In the same year, the pension fund launched an infrastructure investment programme and announced a co-investment agreement with the Ontario Municipal Employees Retirement System (OMERS) and the Development Bank of Japan.
GPIF has taken the view that the best way to do private equity is to take the Canadian model, to do co-investments, to have more leverage on their ability to push down management fees, a local source with knowledge of the situation told PEI.
However, speaking of GPIF’s direct investments in public equities, he noted “the advisory committee is saying you need to slow down a bit, you need to prove to us that you know what you are doing, you need to make sure you have the right internal resources to take on this kind of work – that’s part of the rationale behind this decision.”
Despite its proposal to lift the ban on direct investing, the pension fund, which has JPY 140 trillion ($1.18 trillion; €1.14 trillion) in assets, will continue to rely on third-party asset managers for direct investments in public equities until the debate resumes in 2019. According to the fund’s website, equities accounted for about 43 percent of its portfolio at the end of September 2015. Its allocation to alternatives stood at 0.5 percent, with a maximum ceiling of 5 percent of its total portfolio.
“It’s a positive thing that GPIF is aware of the fact that it is behind and needs to catch up with other large pensions and endowments overseas,” said Gregory Hara, chief executive officer and managing partner of Japanese mid-market private equity firm J-STAR. “Having the capability to make direct investment means having the power to make decisions internally, which requires ability and governance.

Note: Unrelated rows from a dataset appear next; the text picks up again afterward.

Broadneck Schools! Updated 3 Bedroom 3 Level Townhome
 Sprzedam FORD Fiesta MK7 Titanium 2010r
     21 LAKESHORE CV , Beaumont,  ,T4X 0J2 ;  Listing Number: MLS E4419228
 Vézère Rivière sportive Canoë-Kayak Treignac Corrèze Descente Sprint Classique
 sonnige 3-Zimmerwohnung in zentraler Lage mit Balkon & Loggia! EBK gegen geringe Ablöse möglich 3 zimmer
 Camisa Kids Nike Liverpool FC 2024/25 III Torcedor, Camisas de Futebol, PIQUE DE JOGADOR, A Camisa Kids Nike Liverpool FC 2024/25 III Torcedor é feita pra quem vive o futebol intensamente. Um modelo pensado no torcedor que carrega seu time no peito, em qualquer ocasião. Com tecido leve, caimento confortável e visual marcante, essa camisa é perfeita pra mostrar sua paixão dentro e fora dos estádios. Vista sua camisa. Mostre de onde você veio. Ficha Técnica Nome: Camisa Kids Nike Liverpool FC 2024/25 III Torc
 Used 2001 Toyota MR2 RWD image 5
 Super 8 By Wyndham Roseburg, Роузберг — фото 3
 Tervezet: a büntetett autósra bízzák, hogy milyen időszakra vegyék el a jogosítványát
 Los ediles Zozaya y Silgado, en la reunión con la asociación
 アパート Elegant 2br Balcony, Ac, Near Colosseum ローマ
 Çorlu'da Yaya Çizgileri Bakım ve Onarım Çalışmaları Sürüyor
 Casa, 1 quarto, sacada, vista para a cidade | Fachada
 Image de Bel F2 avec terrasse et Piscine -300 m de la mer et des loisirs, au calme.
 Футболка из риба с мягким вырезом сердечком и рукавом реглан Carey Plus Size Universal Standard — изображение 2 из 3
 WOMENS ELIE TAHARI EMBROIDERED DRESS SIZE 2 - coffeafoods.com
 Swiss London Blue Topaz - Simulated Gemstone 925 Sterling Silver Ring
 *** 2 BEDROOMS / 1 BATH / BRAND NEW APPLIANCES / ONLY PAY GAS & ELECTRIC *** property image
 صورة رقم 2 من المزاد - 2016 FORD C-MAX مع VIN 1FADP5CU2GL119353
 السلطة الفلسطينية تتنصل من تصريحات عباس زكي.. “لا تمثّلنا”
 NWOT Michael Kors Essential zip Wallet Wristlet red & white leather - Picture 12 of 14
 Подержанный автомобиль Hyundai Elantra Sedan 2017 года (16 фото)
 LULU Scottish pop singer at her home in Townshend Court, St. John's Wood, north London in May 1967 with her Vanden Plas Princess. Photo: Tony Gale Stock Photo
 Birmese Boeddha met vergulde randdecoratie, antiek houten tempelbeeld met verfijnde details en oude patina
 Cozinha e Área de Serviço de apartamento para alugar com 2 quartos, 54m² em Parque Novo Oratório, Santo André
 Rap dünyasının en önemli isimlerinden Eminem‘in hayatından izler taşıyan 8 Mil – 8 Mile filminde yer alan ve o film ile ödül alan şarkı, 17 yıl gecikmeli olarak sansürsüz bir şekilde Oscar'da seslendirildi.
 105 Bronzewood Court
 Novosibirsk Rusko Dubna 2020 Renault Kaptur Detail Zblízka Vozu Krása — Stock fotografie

Being such a large pension, it is inefficient that GPIF is not allowed to manage its capital on its own and in that way, its internal resources will not gain experience.”
Business lobby groups the Japan Business Federation and the Japanese Trade Union Confederation opposed lifting the ban, saying that such a move could lead to direct control of private companies by the state-affiliated institution, reports Jiji.
Four asset managers are currently managing the pension’s active domestic and foreign equities. GPIF selected Schroder Investment Management (Japan), Daiwa SB Investments and Nomura Asset Management for domestic active stock mandates, and UBS Global Asset Management (Japan) for foreign active holdings, according to a statement on its website.
Other investment managers GPIF is working with include Goldman Sachs Asset Management, BNY Mellon Asset Management Japan Limited, PIMCO Japan and BlackRock Japan, among others.